*RECORDED DATA*.
==================================================

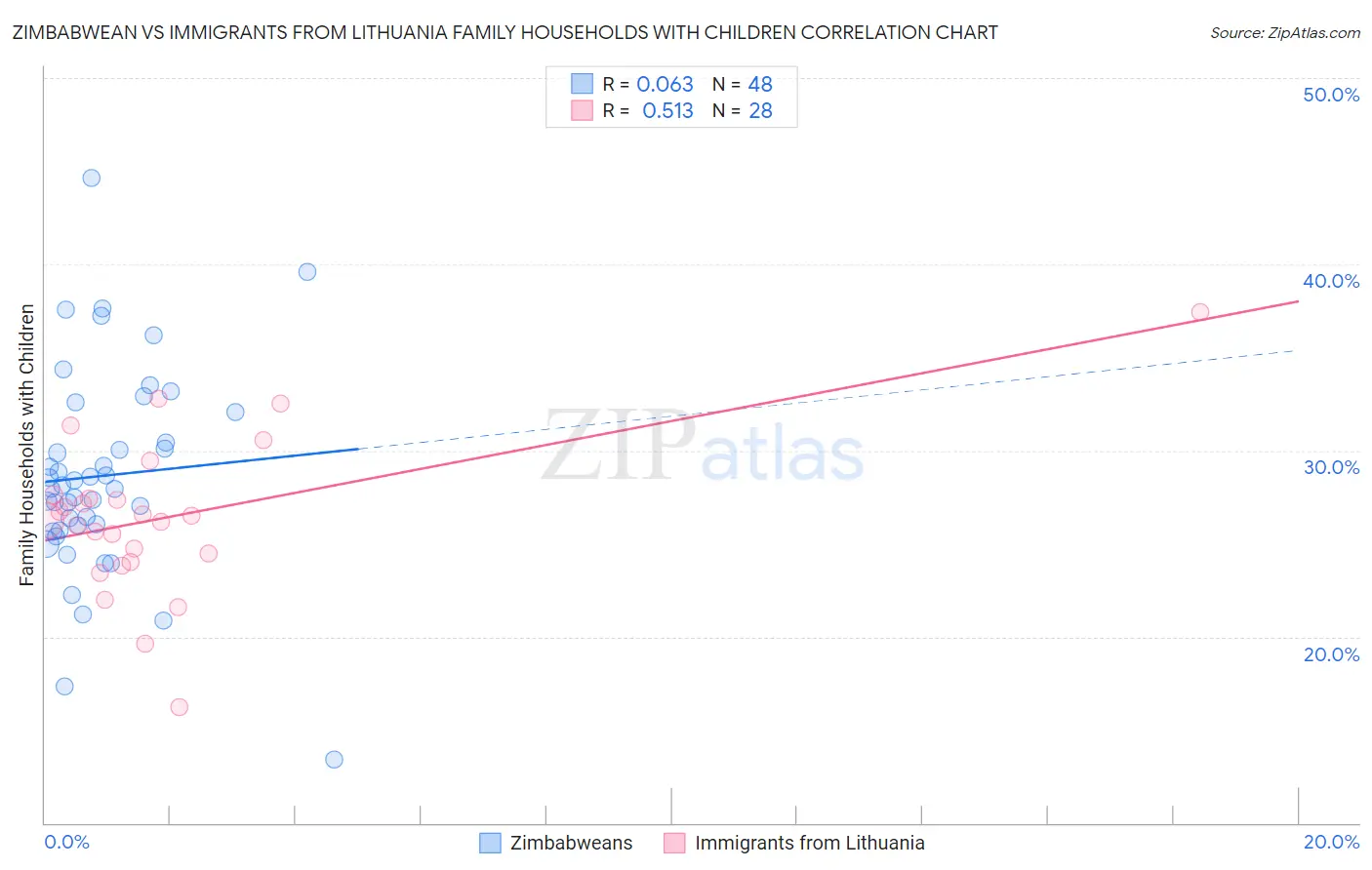 Zimbabwean vs Immigrants from Lithuania Family Households with Children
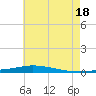 Nix Point tide chart for Friday, July 18, 2025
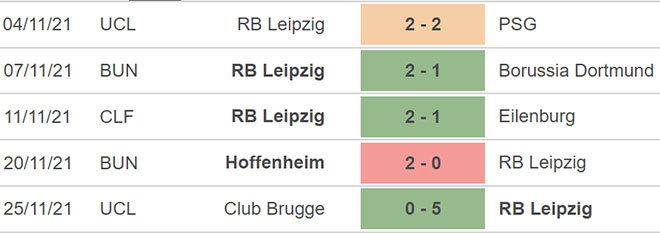 Leipzig vs Leverskusen, nhận định kết quả, nhận định bóng đá Leipzig vs Leverskusen, nhận định bóng đá, Leipzi, Leverskusen, keo nha cai, dự đoán bóng đá, bóng đá Đức, Bundesliga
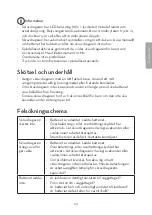 Preview for 23 page of Clas Ohlson DPL 124A Instruction Manual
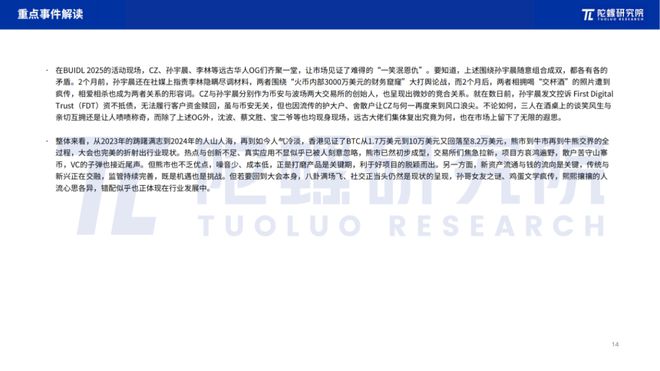 陀螺研究院2019区块链总结_陀螺研究院是陀螺世界吗_
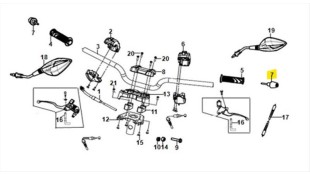 ΑΝΤΙΒΑΡΟ ΤΙΜΟΝΙΟΥ SYM
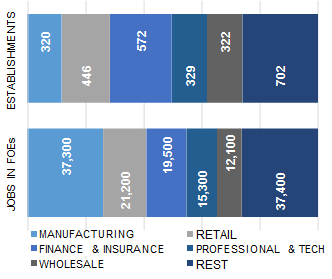 BOSTON_distribution_of_establishment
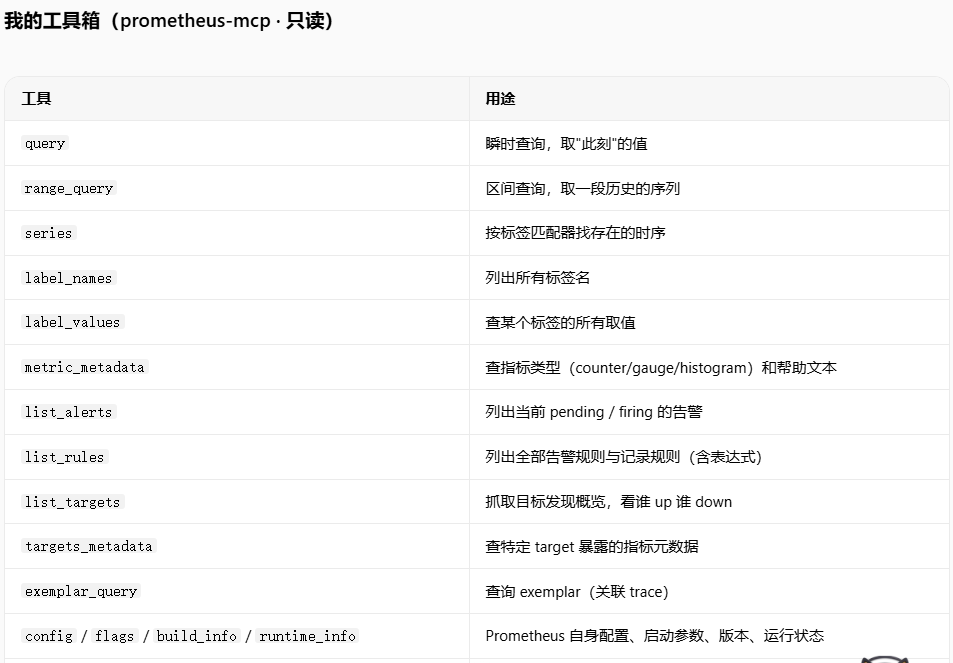 AIOps落地：基于WorkBuddy+ Prometheus MCP 的智能运维实践 配图 11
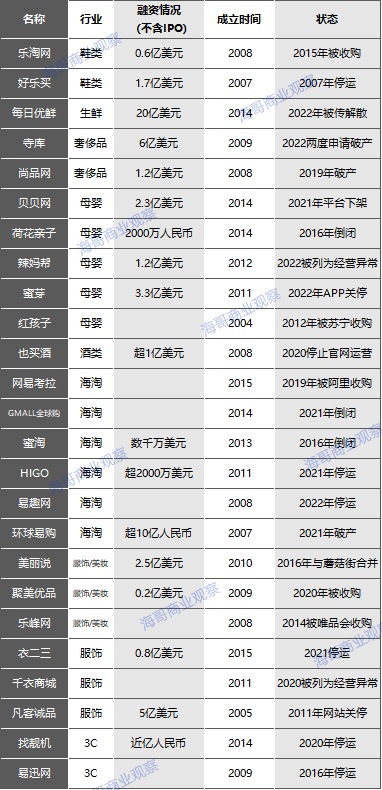 电子商务|垂直电商大败局:烧光1300亿,却没有未来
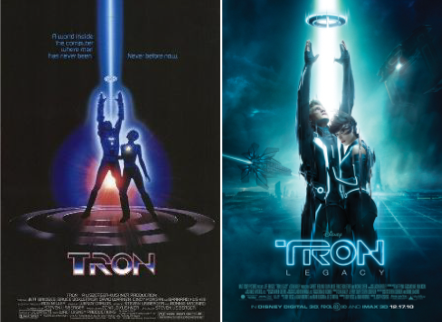 The TRON Franchise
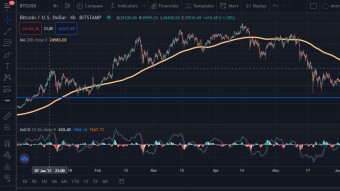 Bitcoin Scenario And Accumulation Zone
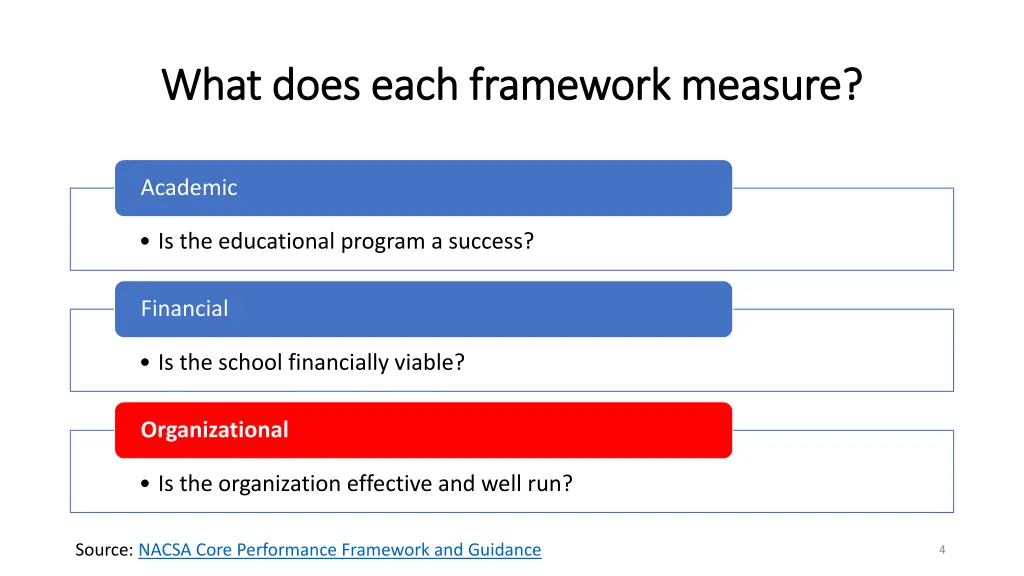 what does each framework measure what does each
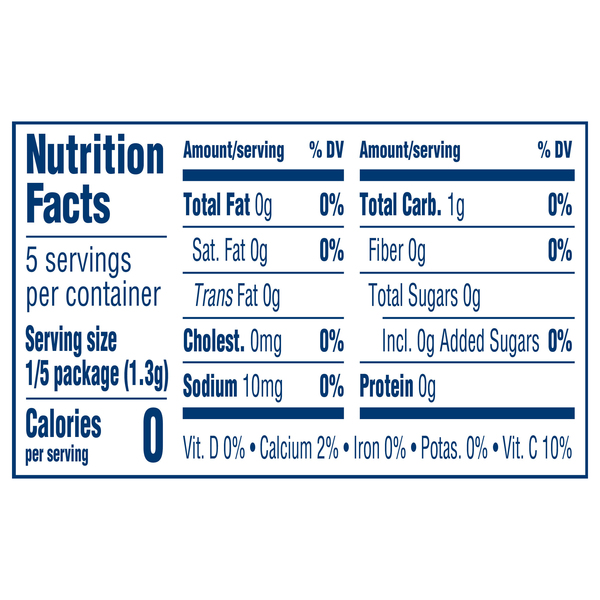 Nutritional Panel
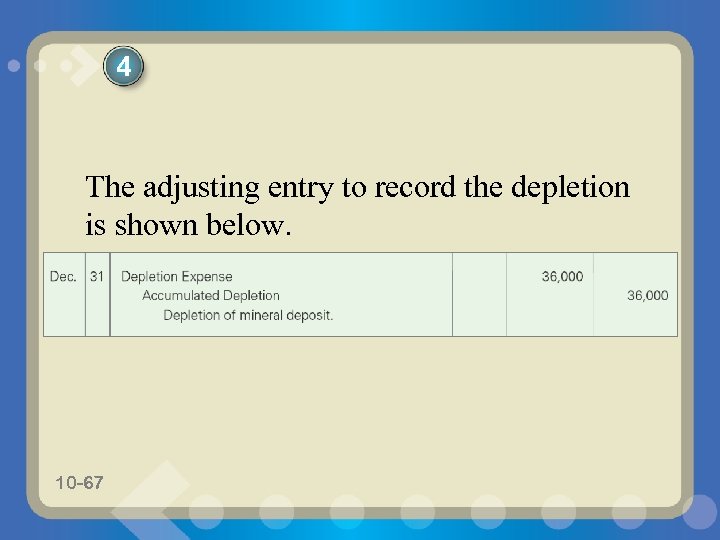 4 The adjusting entry to record the depletion is shown below. 10 -67 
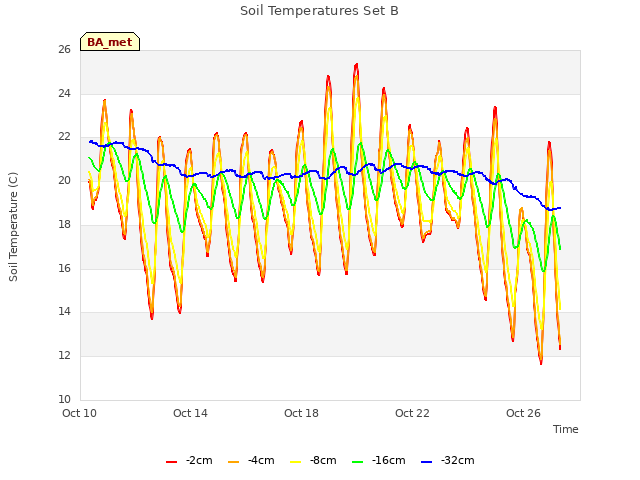 Explore the graph:Soil Temperatures Set B in a new window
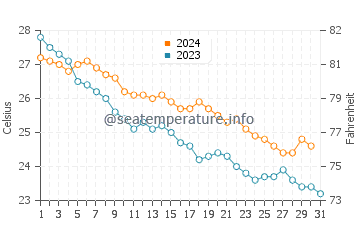 Hamanoichi water temp chart in October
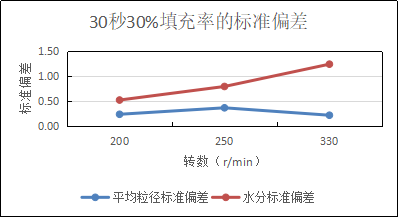 图2-1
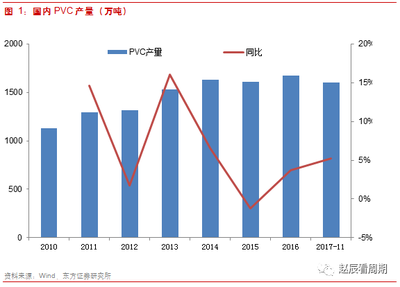 18年PVC有望繼續維持高景氣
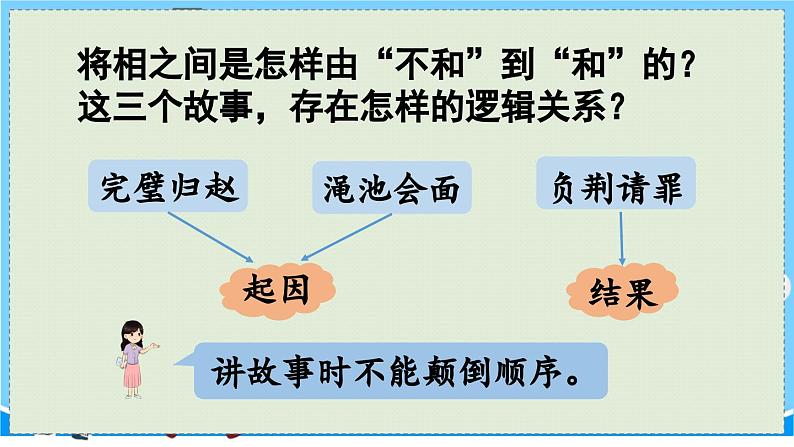 统编版语文五（上）第2单元 6.将相和 教学课件05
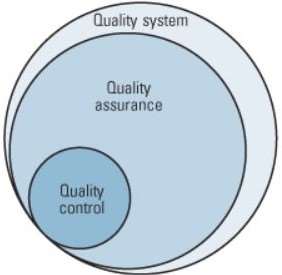 quality assurance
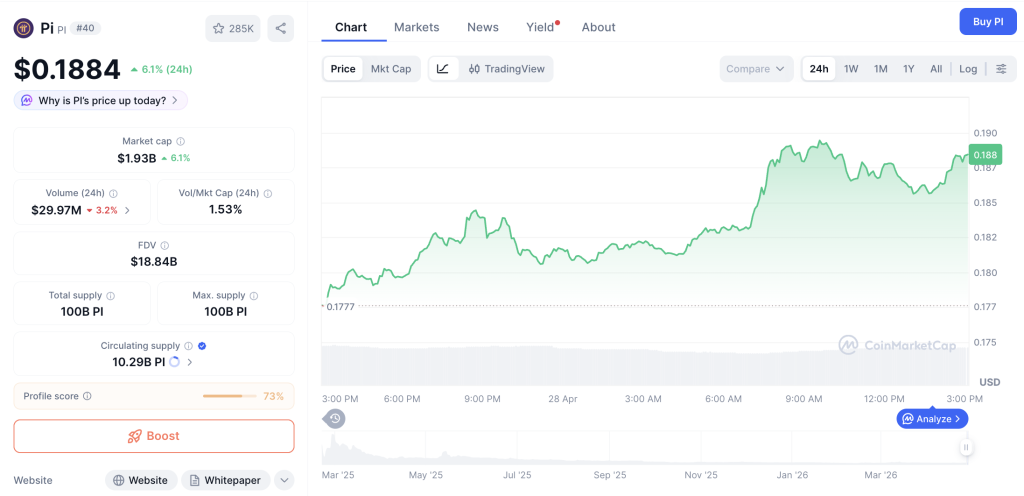 Pi Network Meroket 5% Saat Pasar Merana: Menuju $0,20?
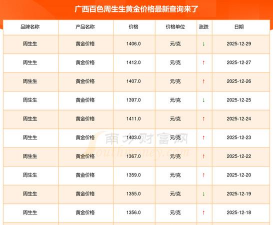 2026年01月05日百色黄金实时价格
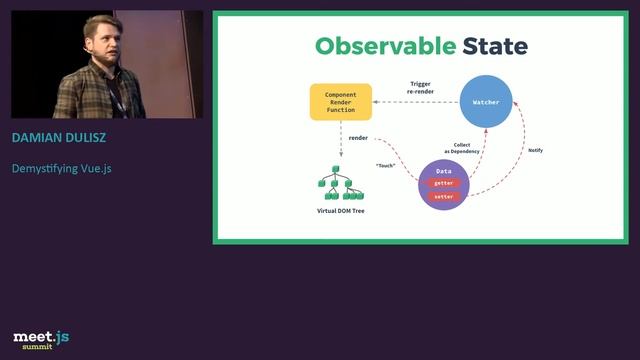 Damian Dulisz - Demystifying Vue.js - meet.js Summit 2017 Gdańsk смотреть онлайн
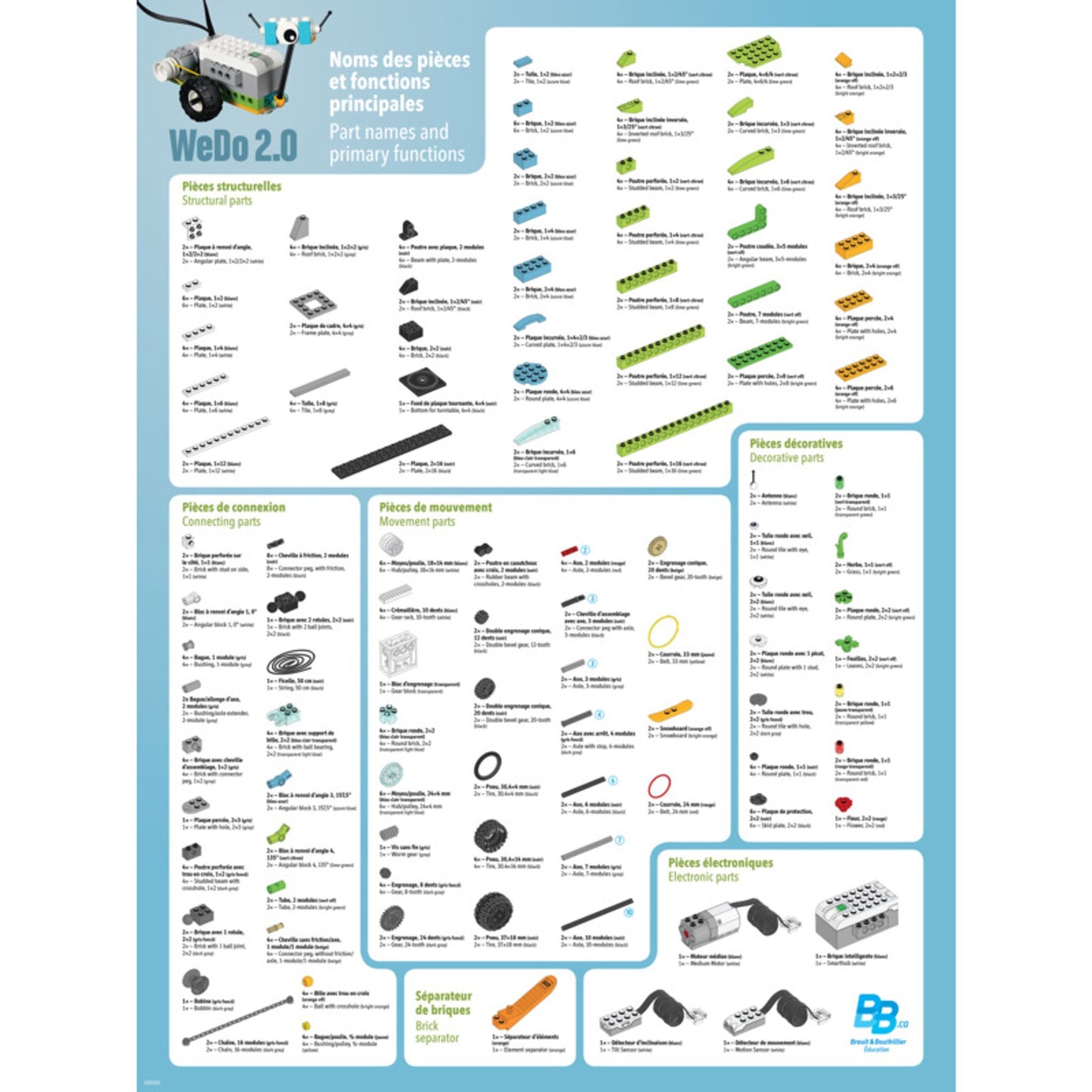 WeDo 2.0 – Affiche du vocabulaire technologique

==================================================

*WHAT YOU ARE ASKED TO DO*. Your answer must be the exact lines of the records from the first one through the line containing "Leipzig vs Leverskusen, nhận định kết", with no pictures in it.

*EXPECTED ANSWER*.
 Zimbabwean vs Immigrants from Lithuania Family Households with Children
 Nix Point tide chart for Friday, July 18, 2025
 Leipzig vs Leverskusen, nhận định kết quả, nhận định bóng đá Leipzig vs Leverskusen, nhận định bóng đá, Leipzi, Leverskusen, keo nha cai, dự đoán bóng đá, bóng đá Đức, Bundesliga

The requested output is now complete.